AIM OF THE TASK:
For this task, extract exactly the lines of the data below, from the line containing "NORR11 Elephant Armchair, Four" through the last one, with pictures left out.

Dataset excerpts:
━━━━━━━━━━
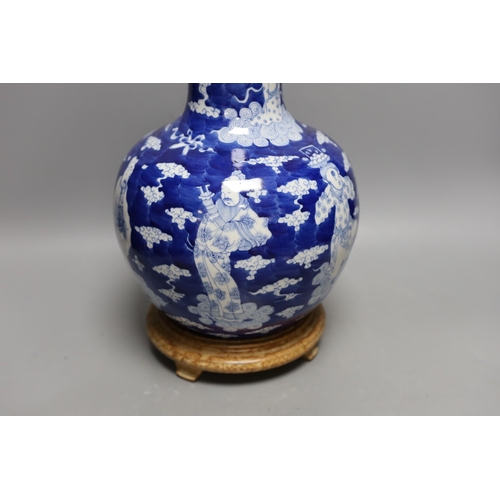 440 - A Chinese blue and white figural vase on hardwood stand, 40cm total height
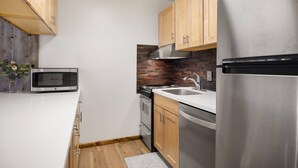 A modern kitchen with wooden cabinets, a stainless steel refrigerator, a microwave, a stove, and a sink. - Lichenhearth 29 (Snowmass Village)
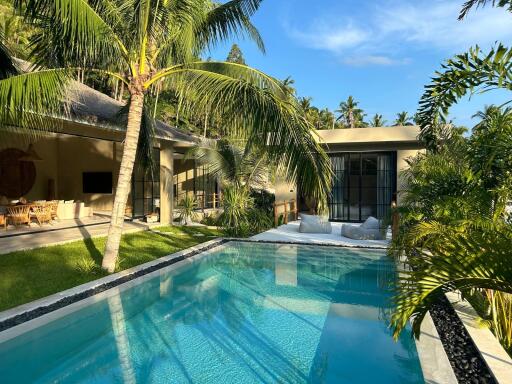 Outdoor area with pool and seating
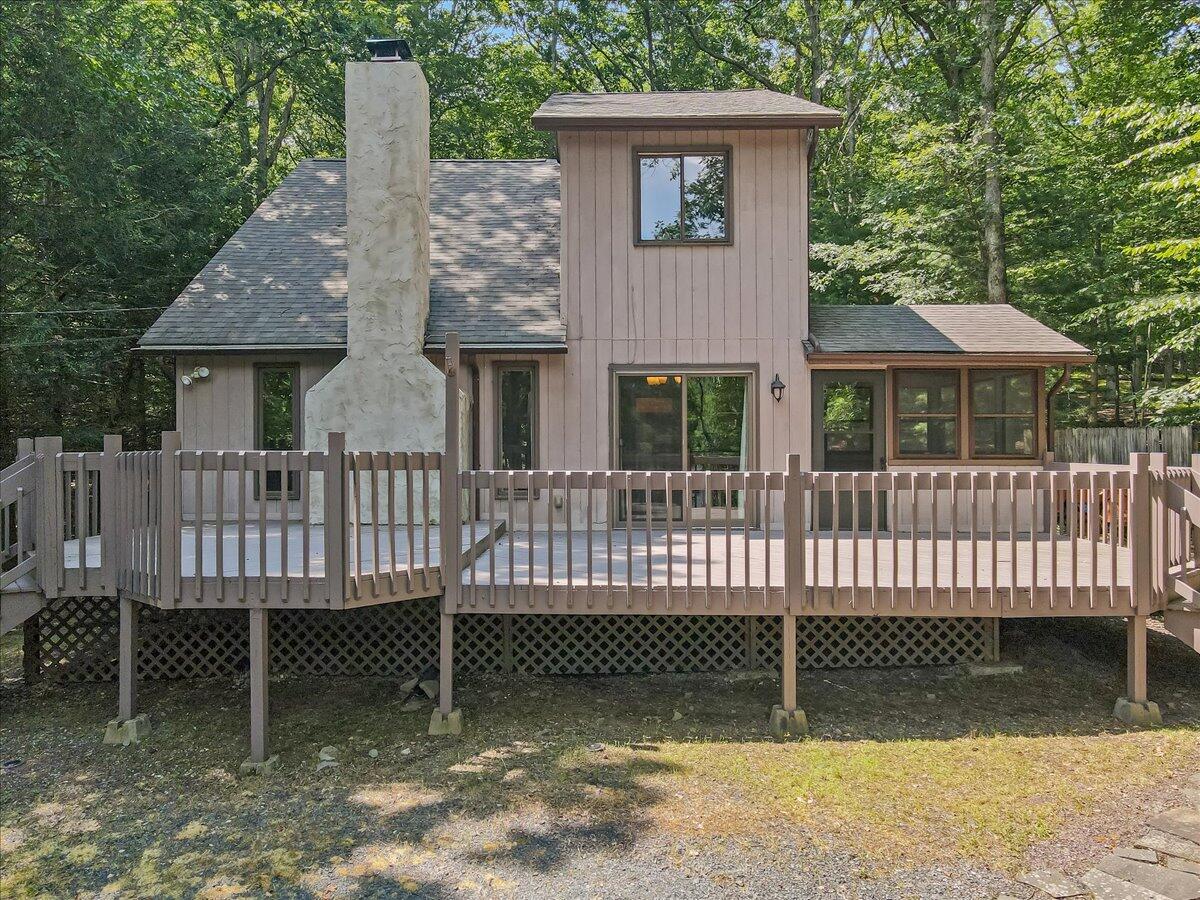 5913 Decker Road Bushkill, PA 18324 - Photo 7 of 53 a view of a house with a deck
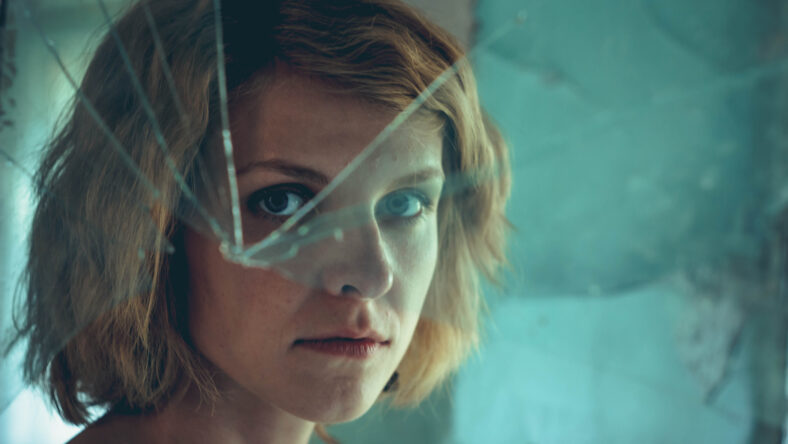 Woman looking through dirty broken glass closeup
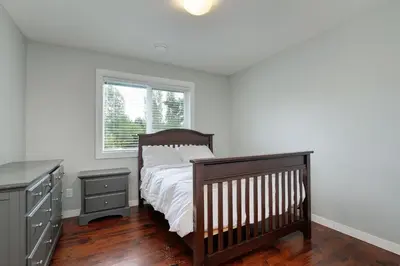 a bedroom with a bed and a dresser and a window at Modern Home in Victoria, BC in Victoria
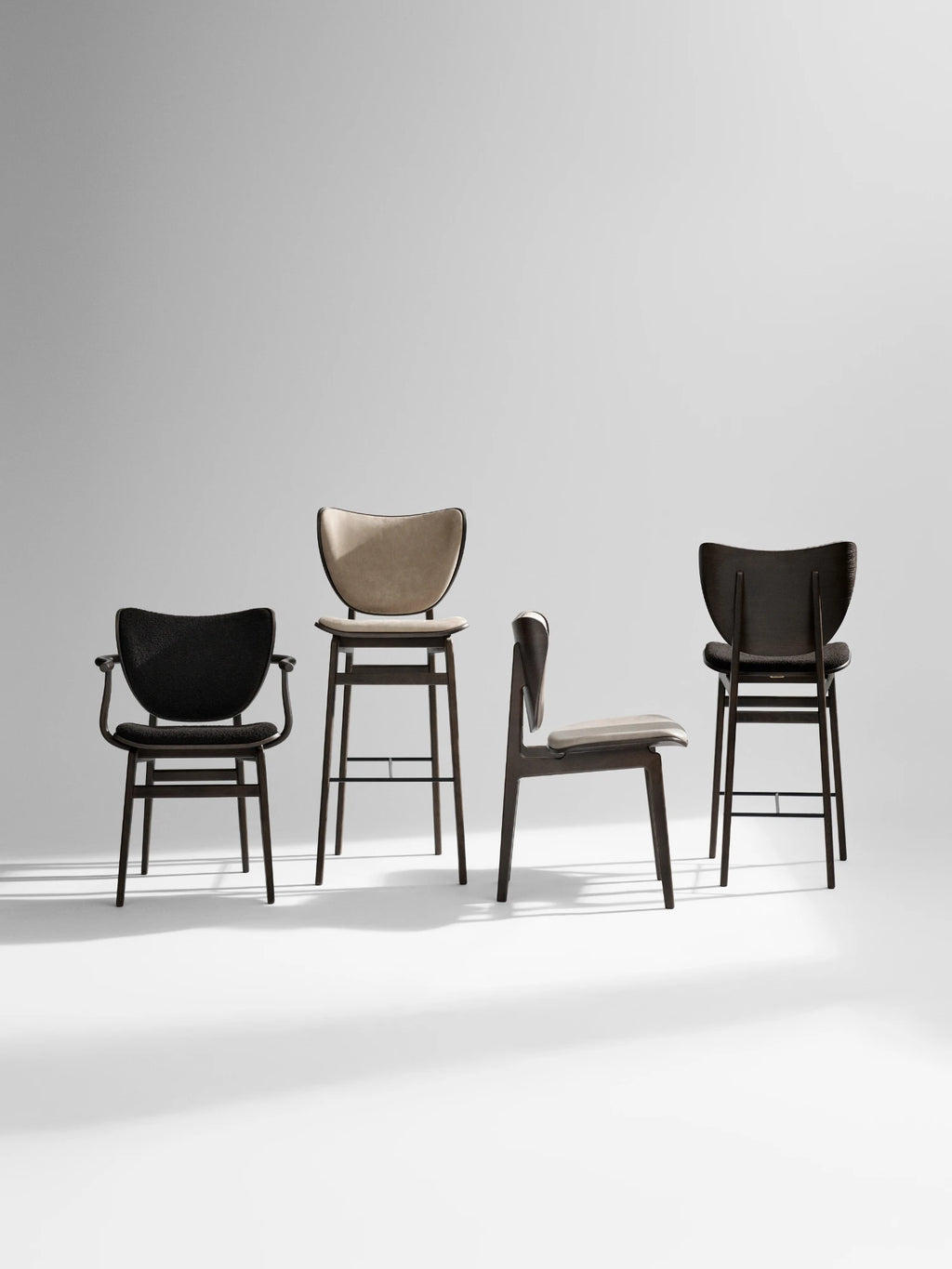 NORR11 Elephant Armchair, Four modern chairs with dark wood frames, one black textured armchair with arms, a light beige upholstered bar stool, and two dark wood dining chairs with textured seats and light beige and dark backrests. Perfect for designers and homeowners seeking stylish, handcrafted seating.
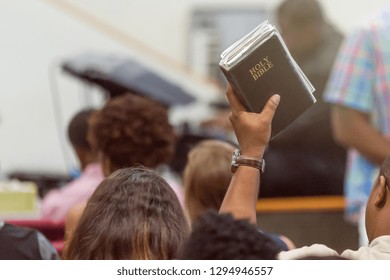 African American Man at Church with a Bible Raised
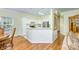 Open kitchen featuring white cabinets, stainless steel appliances, an island with eat-in bar, and hardwood flooring at 13402 Mccoy Rd, Huntersville, NC 28078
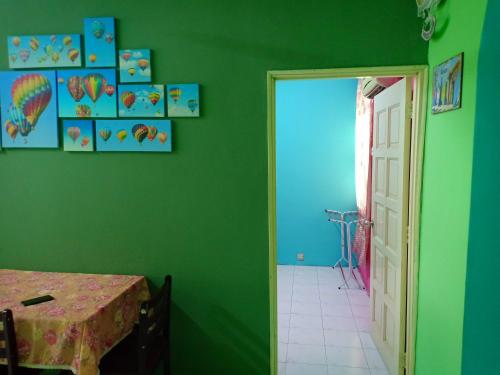 a green room with a table and a door at Adiana Homestay in Kuah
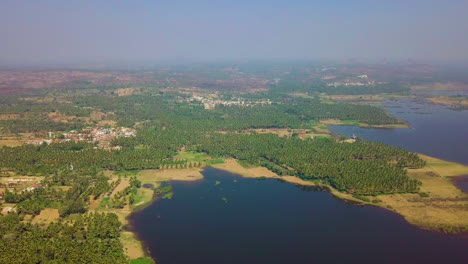 wide angle shot of ramanagara lake surrounded in greenery and an isolated town in karnataka, india during daytime. drone view.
━━━━━━━━━━
PROBLEM SOLUTION:
 NORR11 Elephant Armchair, Four modern chairs with dark wood frames, one black textured armchair with arms, a light beige upholstered bar stool, and two dark wood dining chairs with textured seats and light beige and dark backrests. Perfect for designers and homeowners seeking stylish, handcrafted seating.
 African American Man at Church with a Bible Raised
 Open kitchen featuring white cabinets, stainless steel appliances, an island with eat-in bar, and hardwood flooring at 13402 Mccoy Rd, Huntersville, NC 28078
 a green room with a table and a door at Adiana Homestay in Kuah
 wide angle shot of ramanagara lake surrounded in greenery and an isolated town in karnataka, india during daytime. drone view.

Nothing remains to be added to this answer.